Record excerpts »
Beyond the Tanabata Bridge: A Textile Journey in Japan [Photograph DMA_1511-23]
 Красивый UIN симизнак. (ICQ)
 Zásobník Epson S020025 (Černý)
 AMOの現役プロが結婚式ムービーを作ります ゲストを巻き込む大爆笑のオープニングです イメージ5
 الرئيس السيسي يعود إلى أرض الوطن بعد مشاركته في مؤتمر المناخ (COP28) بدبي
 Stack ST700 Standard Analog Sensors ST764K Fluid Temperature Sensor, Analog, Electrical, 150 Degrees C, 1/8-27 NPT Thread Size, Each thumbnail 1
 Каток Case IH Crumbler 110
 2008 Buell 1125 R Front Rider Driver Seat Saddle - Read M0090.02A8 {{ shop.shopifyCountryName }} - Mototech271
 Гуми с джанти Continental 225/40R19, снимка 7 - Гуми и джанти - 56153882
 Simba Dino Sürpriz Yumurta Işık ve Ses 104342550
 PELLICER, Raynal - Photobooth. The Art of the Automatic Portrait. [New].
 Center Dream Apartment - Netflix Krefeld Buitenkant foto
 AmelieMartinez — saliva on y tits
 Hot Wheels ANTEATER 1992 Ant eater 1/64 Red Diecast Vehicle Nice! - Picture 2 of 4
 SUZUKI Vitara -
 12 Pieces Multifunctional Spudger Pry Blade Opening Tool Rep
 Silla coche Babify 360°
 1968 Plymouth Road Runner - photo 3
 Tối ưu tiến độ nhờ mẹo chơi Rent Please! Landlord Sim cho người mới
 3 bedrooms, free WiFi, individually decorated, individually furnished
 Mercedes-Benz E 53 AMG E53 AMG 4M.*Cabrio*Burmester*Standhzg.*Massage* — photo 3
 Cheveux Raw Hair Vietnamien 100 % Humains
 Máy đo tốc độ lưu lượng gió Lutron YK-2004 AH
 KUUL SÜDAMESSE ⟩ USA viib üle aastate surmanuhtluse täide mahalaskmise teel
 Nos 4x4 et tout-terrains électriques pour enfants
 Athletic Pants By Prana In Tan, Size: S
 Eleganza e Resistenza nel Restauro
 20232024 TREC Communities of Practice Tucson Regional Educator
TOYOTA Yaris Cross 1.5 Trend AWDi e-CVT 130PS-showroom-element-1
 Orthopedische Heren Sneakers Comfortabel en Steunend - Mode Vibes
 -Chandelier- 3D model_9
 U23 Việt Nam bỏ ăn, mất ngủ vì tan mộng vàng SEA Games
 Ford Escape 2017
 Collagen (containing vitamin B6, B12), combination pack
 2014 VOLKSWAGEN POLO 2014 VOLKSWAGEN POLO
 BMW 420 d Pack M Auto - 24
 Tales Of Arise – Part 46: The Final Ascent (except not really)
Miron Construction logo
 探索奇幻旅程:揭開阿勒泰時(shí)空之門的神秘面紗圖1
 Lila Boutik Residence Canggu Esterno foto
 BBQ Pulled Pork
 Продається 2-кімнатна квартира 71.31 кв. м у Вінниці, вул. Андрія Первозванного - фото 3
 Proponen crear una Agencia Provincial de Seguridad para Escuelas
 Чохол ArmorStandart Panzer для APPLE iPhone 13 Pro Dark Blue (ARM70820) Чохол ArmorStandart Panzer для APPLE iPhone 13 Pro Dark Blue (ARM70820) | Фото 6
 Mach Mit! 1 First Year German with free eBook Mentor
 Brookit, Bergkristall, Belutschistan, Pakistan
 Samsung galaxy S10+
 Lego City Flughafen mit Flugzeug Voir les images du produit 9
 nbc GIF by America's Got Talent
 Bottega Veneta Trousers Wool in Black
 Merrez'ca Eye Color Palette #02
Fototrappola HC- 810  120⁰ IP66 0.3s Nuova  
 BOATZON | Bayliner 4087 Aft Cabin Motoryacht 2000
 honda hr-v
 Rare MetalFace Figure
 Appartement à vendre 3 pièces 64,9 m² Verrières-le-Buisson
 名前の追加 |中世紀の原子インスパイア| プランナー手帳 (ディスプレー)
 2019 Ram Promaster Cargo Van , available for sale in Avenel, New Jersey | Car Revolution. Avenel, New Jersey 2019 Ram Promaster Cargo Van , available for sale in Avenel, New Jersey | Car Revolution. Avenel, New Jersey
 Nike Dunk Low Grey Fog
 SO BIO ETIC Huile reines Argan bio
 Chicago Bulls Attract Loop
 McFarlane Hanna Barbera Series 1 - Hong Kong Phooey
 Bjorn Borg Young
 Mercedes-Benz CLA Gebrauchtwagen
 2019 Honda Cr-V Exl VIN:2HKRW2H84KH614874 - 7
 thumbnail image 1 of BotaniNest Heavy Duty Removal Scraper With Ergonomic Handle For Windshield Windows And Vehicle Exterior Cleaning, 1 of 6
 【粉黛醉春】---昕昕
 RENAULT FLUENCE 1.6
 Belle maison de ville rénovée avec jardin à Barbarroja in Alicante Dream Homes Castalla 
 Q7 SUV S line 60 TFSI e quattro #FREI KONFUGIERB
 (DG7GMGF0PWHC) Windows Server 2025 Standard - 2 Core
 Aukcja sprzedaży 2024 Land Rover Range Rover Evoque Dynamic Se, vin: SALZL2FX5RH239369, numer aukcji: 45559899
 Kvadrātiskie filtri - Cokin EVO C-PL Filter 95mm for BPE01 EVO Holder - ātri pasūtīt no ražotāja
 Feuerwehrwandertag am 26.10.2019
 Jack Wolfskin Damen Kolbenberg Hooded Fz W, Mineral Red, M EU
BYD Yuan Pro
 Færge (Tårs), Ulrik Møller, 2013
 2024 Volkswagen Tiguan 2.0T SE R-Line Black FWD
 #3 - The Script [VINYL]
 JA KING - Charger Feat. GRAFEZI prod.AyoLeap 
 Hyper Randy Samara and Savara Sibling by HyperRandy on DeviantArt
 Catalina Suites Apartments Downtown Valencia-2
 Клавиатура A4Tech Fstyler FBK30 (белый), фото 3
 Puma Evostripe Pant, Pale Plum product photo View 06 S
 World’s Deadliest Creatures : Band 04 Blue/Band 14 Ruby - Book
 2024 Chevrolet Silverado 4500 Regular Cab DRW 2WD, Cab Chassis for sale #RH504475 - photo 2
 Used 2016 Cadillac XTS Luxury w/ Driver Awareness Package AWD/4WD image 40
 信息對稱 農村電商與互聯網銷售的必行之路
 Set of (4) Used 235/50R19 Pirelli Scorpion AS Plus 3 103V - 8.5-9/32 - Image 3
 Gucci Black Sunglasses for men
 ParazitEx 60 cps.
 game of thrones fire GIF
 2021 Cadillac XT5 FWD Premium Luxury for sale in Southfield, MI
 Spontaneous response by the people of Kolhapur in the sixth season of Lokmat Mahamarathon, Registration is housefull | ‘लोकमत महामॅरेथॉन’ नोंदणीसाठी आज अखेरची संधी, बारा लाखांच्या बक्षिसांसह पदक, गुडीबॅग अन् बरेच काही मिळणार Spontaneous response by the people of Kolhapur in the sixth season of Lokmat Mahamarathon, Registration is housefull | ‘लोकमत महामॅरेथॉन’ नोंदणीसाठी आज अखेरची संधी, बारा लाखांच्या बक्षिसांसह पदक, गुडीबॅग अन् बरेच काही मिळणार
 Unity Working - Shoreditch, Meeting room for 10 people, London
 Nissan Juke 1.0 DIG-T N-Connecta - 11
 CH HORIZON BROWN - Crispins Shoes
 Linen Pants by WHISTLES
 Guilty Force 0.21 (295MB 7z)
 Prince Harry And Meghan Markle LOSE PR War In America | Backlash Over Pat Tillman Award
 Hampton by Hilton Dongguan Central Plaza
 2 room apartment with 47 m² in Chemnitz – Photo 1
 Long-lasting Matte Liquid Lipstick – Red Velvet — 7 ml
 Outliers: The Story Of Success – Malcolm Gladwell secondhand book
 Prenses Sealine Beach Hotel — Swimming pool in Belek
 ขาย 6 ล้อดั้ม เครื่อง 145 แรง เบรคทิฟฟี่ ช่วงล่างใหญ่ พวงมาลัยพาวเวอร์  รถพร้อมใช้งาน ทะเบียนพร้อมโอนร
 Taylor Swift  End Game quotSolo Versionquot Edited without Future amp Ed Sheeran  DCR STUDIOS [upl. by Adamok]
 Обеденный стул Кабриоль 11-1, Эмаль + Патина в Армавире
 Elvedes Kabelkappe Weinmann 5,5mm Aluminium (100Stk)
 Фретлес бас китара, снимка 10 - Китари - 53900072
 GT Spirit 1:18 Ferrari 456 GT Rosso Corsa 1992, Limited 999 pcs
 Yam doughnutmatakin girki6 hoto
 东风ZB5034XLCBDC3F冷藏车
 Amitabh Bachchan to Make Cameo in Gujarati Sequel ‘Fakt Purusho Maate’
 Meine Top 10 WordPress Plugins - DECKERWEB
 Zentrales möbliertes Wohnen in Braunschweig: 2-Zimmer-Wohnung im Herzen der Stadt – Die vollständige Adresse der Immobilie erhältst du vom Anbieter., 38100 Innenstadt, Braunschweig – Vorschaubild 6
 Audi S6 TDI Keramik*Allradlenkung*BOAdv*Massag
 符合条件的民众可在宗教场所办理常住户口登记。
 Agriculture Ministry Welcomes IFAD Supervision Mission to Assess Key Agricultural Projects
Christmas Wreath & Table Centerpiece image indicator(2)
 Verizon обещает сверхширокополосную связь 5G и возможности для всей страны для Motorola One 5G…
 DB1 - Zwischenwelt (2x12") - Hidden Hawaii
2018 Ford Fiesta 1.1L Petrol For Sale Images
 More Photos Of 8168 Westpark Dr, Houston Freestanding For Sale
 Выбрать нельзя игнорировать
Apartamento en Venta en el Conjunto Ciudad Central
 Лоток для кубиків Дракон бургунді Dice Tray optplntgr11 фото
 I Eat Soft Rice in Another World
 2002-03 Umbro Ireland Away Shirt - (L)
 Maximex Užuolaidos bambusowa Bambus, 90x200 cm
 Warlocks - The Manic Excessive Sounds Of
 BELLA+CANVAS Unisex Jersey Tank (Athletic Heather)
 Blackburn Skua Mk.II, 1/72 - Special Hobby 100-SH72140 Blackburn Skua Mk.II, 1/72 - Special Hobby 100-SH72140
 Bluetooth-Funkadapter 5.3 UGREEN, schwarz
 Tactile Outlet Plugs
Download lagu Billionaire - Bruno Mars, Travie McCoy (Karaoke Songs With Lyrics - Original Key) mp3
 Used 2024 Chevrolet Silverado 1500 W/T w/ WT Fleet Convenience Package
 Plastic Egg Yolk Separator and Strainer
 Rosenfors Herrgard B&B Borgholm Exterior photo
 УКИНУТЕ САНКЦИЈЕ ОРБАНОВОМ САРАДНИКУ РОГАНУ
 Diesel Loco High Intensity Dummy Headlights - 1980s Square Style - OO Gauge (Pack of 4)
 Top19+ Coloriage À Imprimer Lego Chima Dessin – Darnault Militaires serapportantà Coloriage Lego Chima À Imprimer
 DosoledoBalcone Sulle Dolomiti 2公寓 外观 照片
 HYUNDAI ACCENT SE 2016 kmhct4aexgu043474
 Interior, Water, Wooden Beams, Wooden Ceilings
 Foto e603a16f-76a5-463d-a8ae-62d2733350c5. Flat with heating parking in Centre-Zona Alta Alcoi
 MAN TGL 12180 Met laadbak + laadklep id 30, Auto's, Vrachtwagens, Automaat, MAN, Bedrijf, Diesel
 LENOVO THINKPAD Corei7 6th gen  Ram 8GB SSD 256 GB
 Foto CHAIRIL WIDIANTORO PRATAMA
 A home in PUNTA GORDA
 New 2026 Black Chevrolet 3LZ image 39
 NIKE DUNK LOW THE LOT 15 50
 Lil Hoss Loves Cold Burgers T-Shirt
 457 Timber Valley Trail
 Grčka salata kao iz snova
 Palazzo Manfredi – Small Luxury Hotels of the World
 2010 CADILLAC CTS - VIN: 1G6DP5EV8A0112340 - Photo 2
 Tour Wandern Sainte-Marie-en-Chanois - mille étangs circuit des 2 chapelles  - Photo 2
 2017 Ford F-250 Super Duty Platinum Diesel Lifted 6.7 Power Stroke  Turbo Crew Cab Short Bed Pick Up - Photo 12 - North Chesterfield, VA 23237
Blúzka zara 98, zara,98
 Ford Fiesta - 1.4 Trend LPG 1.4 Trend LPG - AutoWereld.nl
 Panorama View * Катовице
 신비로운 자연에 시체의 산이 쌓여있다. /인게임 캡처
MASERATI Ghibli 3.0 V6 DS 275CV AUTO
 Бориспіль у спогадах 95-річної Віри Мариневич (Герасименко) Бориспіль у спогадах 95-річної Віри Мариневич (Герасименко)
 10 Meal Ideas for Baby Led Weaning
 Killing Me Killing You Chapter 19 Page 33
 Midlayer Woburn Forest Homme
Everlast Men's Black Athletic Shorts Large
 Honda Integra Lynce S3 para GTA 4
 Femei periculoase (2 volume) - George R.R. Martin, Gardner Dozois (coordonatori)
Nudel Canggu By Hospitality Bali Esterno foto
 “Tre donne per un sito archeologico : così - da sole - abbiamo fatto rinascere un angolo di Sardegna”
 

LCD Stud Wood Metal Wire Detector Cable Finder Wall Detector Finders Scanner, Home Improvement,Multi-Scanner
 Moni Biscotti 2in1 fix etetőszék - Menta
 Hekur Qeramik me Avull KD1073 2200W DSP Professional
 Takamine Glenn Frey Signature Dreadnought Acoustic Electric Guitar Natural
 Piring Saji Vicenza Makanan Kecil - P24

Task requirements »
Starting at the line that has "Bottega Veneta Trousers Wool in Black" and ending at the line that has "Aukcja sprzedaży 2024", please write out the lines above exactly, leaving out all others.

Response to this exercise »
 Bottega Veneta Trousers Wool in Black
 Merrez'ca Eye Color Palette #02
Fototrappola HC- 810  120⁰ IP66 0.3s Nuova  
 BOATZON | Bayliner 4087 Aft Cabin Motoryacht 2000
 honda hr-v
 Rare MetalFace Figure
 Appartement à vendre 3 pièces 64,9 m² Verrières-le-Buisson
 名前の追加 |中世紀の原子インスパイア| プランナー手帳 (ディスプレー)
 2019 Ram Promaster Cargo Van , available for sale in Avenel, New Jersey | Car Revolution. Avenel, New Jersey 2019 Ram Promaster Cargo Van , available for sale in Avenel, New Jersey | Car Revolution. Avenel, New Jersey
 Nike Dunk Low Grey Fog
 SO BIO ETIC Huile reines Argan bio
 Chicago Bulls Attract Loop
 McFarlane Hanna Barbera Series 1 - Hong Kong Phooey
 Bjorn Borg Young
 Mercedes-Benz CLA Gebrauchtwagen
 2019 Honda Cr-V Exl VIN:2HKRW2H84KH614874 - 7
 thumbnail image 1 of BotaniNest Heavy Duty Removal Scraper With Ergonomic Handle For Windshield Windows And Vehicle Exterior Cleaning, 1 of 6
 【粉黛醉春】---昕昕
 RENAULT FLUENCE 1.6
 Belle maison de ville rénovée avec jardin à Barbarroja in Alicante Dream Homes Castalla 
 Q7 SUV S line 60 TFSI e quattro #FREI KONFUGIERB
 (DG7GMGF0PWHC) Windows Server 2025 Standard - 2 Core
 Aukcja sprzedaży 2024 Land Rover Range Rover Evoque Dynamic Se, vin: SALZL2FX5RH239369, numer aukcji: 45559899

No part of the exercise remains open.